If you’re looking for a bit of slapstick with an exotic twist and a good dose of racial fun-poking, then this play will not fail to deliver. But if you’re hoping for an artistic representation of serious social and political issues, then be prepared to be disappointed, if not offended. For a play that has received a majority of 4* ratings following its recent success in Edinburgh, Four For Jericho is surprisingly superficial and tends to prefer humour over serious reflection upon continuous human struggles.

Comedy is not the first word that springs to mind when contemplating the ever tense relationship between Israel and Palestine, yet comedy is the bedrock of this politically edgy and occasionally risqué piece of theatre, by playwright Richard Fredman. The focus of the play is the meetings and misadventures of six named characters (played by four actors, hence the title) and their doomed taxi journey to Jericho. Largely preying upon ethnic stereotypes, we are introduced first to Michael, a Christian Sunday school teacher from England, who is filled with adoration for Israel and its ‘incredible people’ and is heading to Jericho not only to get away from his wife, but to make an inspiring film for the children back home. By stark and often uncomfortable contrast there is Fouad, an Arab peasant goat farmer, who amongst many other humiliations has to witness his family home being bulldozed by Israelis. Positioned in between these two characters is Izzy, a beautiful, young Jewish activist campaigning for Arab rights and on the hunt for an anthropology scholar who is being detained by the Israeli government. This actress in particular, Claire Cordier, delivers an inspiring performance with great stage presence and a rich, mellifluous voice.

For the whole of its one hour running time, Four For Jericho forces us to check our conceptions surrounding religion and ethnicity, as the varied characters alternate religious clothing to disguise their true identities to suit the political environment, i.e. Muslim Fouad dons a baseball cap in a Jewish settler’s home, who in turn wears hijab while travelling through Arab territory, and for most of the play philosemitic Michael wears both a tallit and kippah alongside a sizeable wooden crucifix. Such is the melee, the play offers not so much a sense of the respective sensitivities and struggles of individuals in the Holy Land, as much as a general atmosphere of comedic chaos, topped with Middle Eastern clichés of aggressive bartering, exotic (pre-recorded) music, colourful fabrics and car sharing to the extreme.

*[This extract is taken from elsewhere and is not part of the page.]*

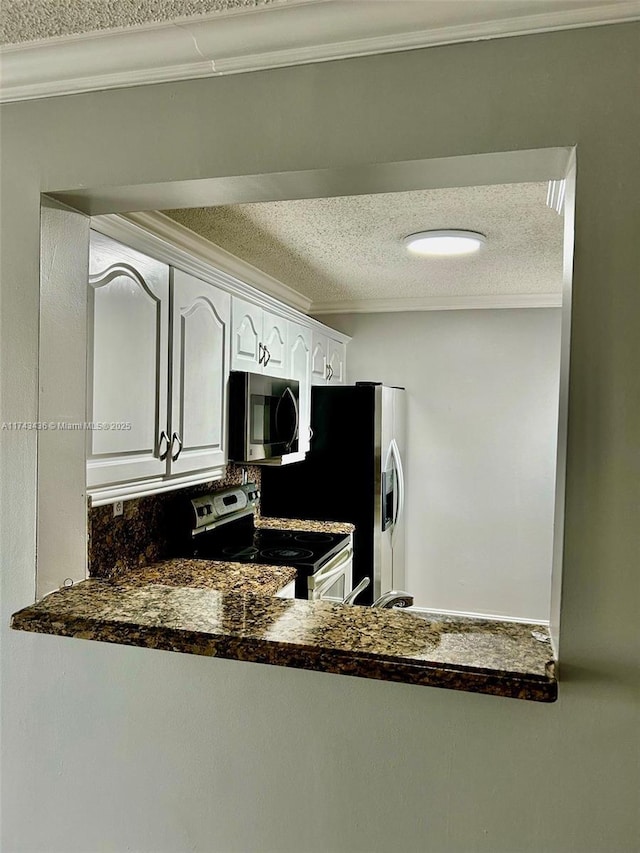 kitchen featuring a textured ceiling, appliances with stainless steel finishes, dark countertops, and crown molding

Despite the frequent costume changes and a cast of only four, there is no internal overlap between the different characters. Each represents one aspect of Israeli-Palestinian life, with some offering a more sympathetic perspective than others. For example, it is very difficult not to pity the Arab farmer, kneeling in dirt and being ordered around at gunpoint by a Jewish settler. Fouad is in fact played very convincingly by an Israeli Jewish actor, Josh Becker, who admitted after the performance that he did initially have concerns that the play would offend some audience members due to its blasphemous language and negative representation of Jewish Israelis: [Fouad to Michael] ‘A proper settler would have a machine gun right in front of me while I am working,’ whilst on his knees in the dirt, followed by ‘the Koran is a book of shit! Make me say it!’ And there are several more severe comments, which are likely to leave one feeling distinctly uncomfortable.

Overall, the play strives to offer a lighter interpretation of a very unfunny political situation with the idea of laughter being the tonic of hardship, as roughly expressed by the play’s director, Patrick Morris. A cut and dried evaluation of the play is impossible - there are too many perspectives to consider and too many conflicting emotions to straddle. Suffice to say that the actors were lively and responsive, as is to be expected in a professional cast, bringing imagination and colour to a set comprised of only four breeze blocks and a rug. The accompanying music was perfectly evocative, and although at times there was a tendency to over act, including a shouting match lasting what felt like five whole minutes and a tiresome emphasis of Michael's naive Christian ideals, the plot was well paced and succinct (save the corny and repeated chorus ‘Joshua fit the battle of Jericho’), making every necessary socio-political point, while taking the audience on a very bumpy one-way taxi ride to Jericho.



Richard Purkiss; 31st Oct 2011; 15:06:07

Humour has long been an effective device for illustrating the varying perspectives of unfunny political situations. The advertising warned that the production “may cause inappropriate laughter at the absurdities and tragedies of today's Promised Land”, and that the play is “a provocative tale which entertains as much as it challenges”. For me it delivered what was promised. To attend and expect simply “an artistic representation of serious social and political issues” is perhaps missing the point.